On this site you can follow what happens to the Afghan Civilians – filmed by themselves. Each week a new story will be produced telling about war, work, corruption, leisure, religion, education or love in the rural province of Helmand. You can choose to follow a photographer or you can click on the themes. You can also ask questions which will be translated to the photographers and they will come back with answers. My Afghanistan.tv is closely linked to the Documentaryfilm My Afghanistan – Life in the Forbidden Zone

About the project

It all started when I as a journalist attempted to cover the war in Afghanistan. For several years I succeeded in getting close to the Afghans and talk about their everyday lives, but the stories that I heard was often not in accordance with the coverage other Western media had on the country.

During my many trips I observed that most Western journalists did not travel outside the major cities and towns in Afghanistan. Therefore, their description of Afghanistan was just a reflection of reality for some parts of Afghanistan and not the entire country.

Between 70 and 75 percent of the Afghan population do not live in the cities but in rural areas and therefore the existing coverage is biased and misleading. The consequences of the bias reporting was serious, especially because the residents of cities as Kabul and Herat, which are some of the largest cities, rarely felt the direct consequences of the war. The vast majority of the fighting in Afghanistan takes place in rural areas, but journalists rarely moves out in these areas, because they fear being kidnapped or killed by insurgent groups or militias.

The understanding of the role of the media is not so great in the Afghan villages, and often both Afghan and Western journalists are perceived as being allied by the government or the Western troops.

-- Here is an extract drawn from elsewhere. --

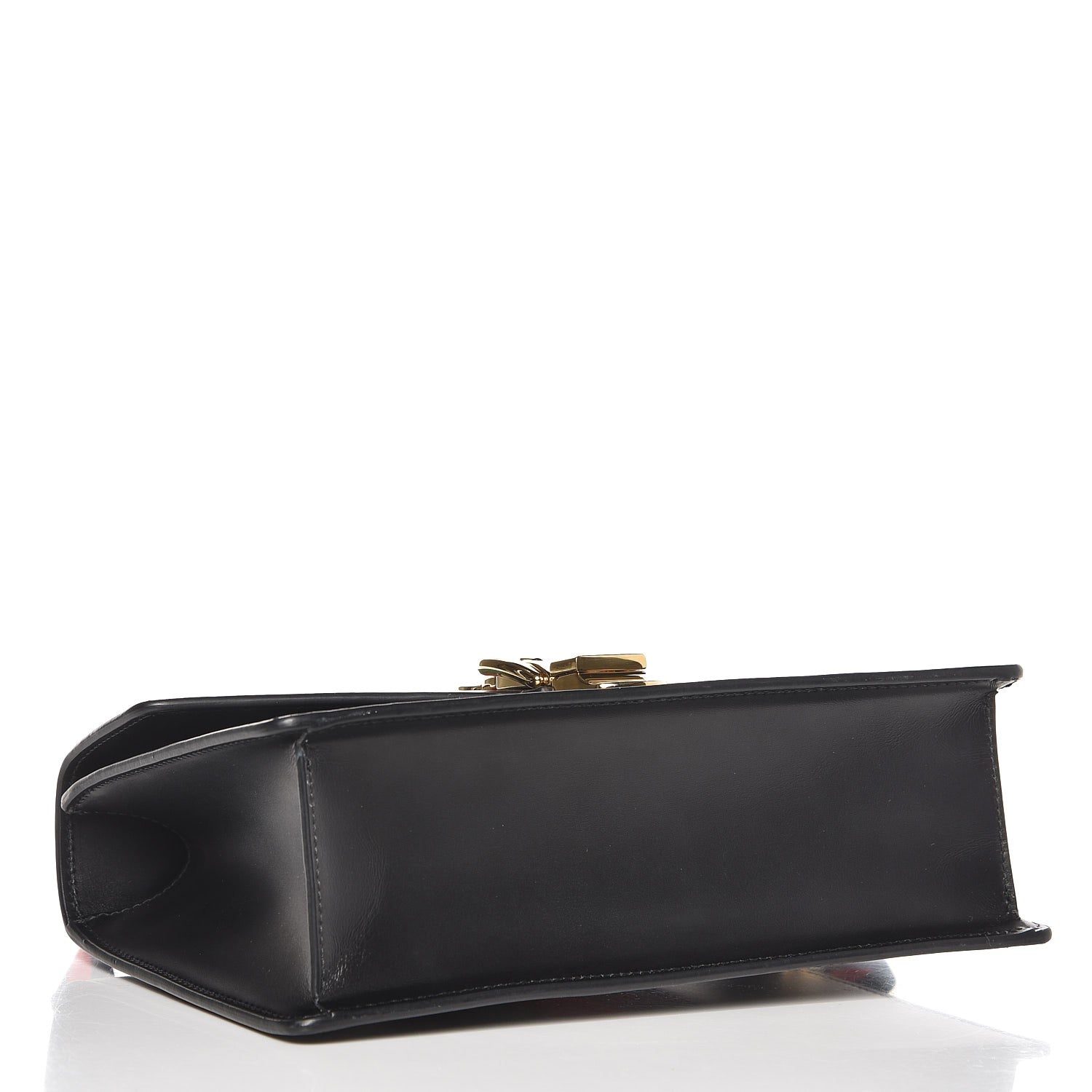 Gucci Calfskin Small Sylvie Shoulder Bag Black 3 of 8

When the foreign journalists on rare occasions travel out to the villages, it is with western soldiers and thus “embedded”. This means that the journalists are protected by the soldiers and consequently will have to accept their rules. The indirect consequence of those “embedded” journalists is that many locals do not dare to talk to reporters because they fear being accused of espionage by rebels or warlords, who do not distinguish between journalists and those in power / army.

Although I have an Afghan look and speak one of the Afghan languages, I do not usually dwell in the villages for long, because it can have consequences both for me and for the locals that I talk to. This I experienced in 2007 when a lot of villagers were being attacked by insurgents because they gave me shelter and in 2008, when I was kidnapped by the Taliban.

Mine and other journalists’ quick trips into the rural areas do not provide the West possibilities of getting close to the locals, because the visits are too sporadic and not long enough to understand their living conditions and circumstances. Therefore, I got the idea of distributing mobile phones to the local people, so they could start filming their lives. This way I avoided exposing myself and those at risk.

The reason for using mobile phones instead of cameras was safety. Camcorders are not a common sight in rural areas and attract attention. Phones are present in all Afghan villages and is therefore a safe thing to hand out to the villagers when they are going to shoot films. The method opened up to experience the villagers’ lives in completely different and more free terms, than we have done throughout the Afghan war that has now lasted for over ten years. I instructed them in how to shoot, and how to tell their stories, while everything else is actually on their own initiatives. They were told to present themselves, their family and friends, their interests and their joys and sorrows. This is also reflected in the film clips that have been recorded in very different ways.